La Direzione distrettuale antimafia di Catanzaro ha chiesto la condanna all’ergastolo per Roberto Porcaro, imputato nel procedimento con rito abbreviato relativo all’omicidio di Giuseppe Ruffolo, ucciso nel settembre 2011 a Cosenza, nel quartiere Città 2000, in un agguato avvenuto in pieno giorno.

Secondo la ricostruzione della pubblica accusa, Porcaro avrebbe avuto un ruolo di mandante nell’eliminazione della vittima, in un contesto ritenuto aggravato dalle modalità e dalle finalità del delitto contestato. L’impianto accusatorio si fonda su una lettura che ricolloca il fatto nell’ambito delle dinamiche criminali dell’epoca, nonostante nel tempo le ricostruzioni giudiziarie abbiano attraversato fasi differenti.

Il caso giudiziario legato all’omicidio Ruffolo ha infatti seguito un percorso complesso. In precedenza, Massimiliano D’Elia è stato individuato come esecutore materiale del delitto. In primo grado era stata riconosciuta una matrice mafiosa dell’azione, successivamente esclusa nei gradi successivi di giudizio, fino al passaggio in Cassazione, che ha confermato una diversa lettura dei fatti, orientata su moventi personali.

Nel nuovo processo, però, la Dda insiste su una possibile riconducibilità dell’omicidio a contesti organizzati, sostenendo che la vittima sarebbe stata eliminata nell’ambito di dinamiche interne a un gruppo criminale, legate a presunti mancati versamenti di proventi illeciti.

La posizione dell’imputato è stata assistita dagli avvocati Cesare Badolato e Giorgia Greco. Le discussioni difensive sono attese nel mese di novembre, quando la parola passerà alla difesa prima della decisione del giudice.

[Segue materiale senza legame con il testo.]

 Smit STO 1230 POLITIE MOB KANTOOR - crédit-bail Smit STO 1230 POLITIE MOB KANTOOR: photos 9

Nel corso del procedimento, un passaggio significativo è arrivato anche dal Tribunale del Riesame di Catanzaro, che aveva disposto la scarcerazione di Porcaro per questa specifica vicenda, rilevando criticità legate ai termini delle indagini preliminari e all’utilizzabilità degli atti acquisiti.

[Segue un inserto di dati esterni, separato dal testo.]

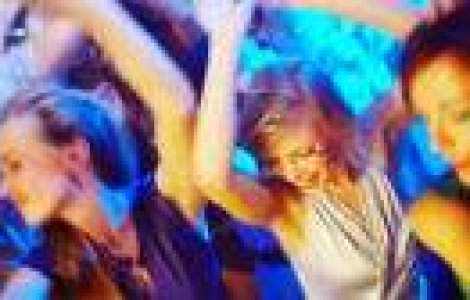 O noapte de beat-uri hip hop si electro-funk: Nightmares on Wax & DJ Cam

Parallelamente, la posizione dell’imputato è stata coinvolta anche in un altro filone giudiziario. Nel procedimento denominato “Crypto”, la Cassazione ha annullato con rinvio il capo associativo contestato in relazione a un presunto gruppo criminale operante nell’area di Amantea e ritenuto dedito al traffico di stupefacenti, imponendo un nuovo esame davanti alla Corte d’Appello di Reggio Calabria.

Il procedimento sull’omicidio Ruffolo entra ora nella fase decisiva, con la requisitoria della Dda che segna un passaggio chiave verso la conclusione del giudizio abbreviato.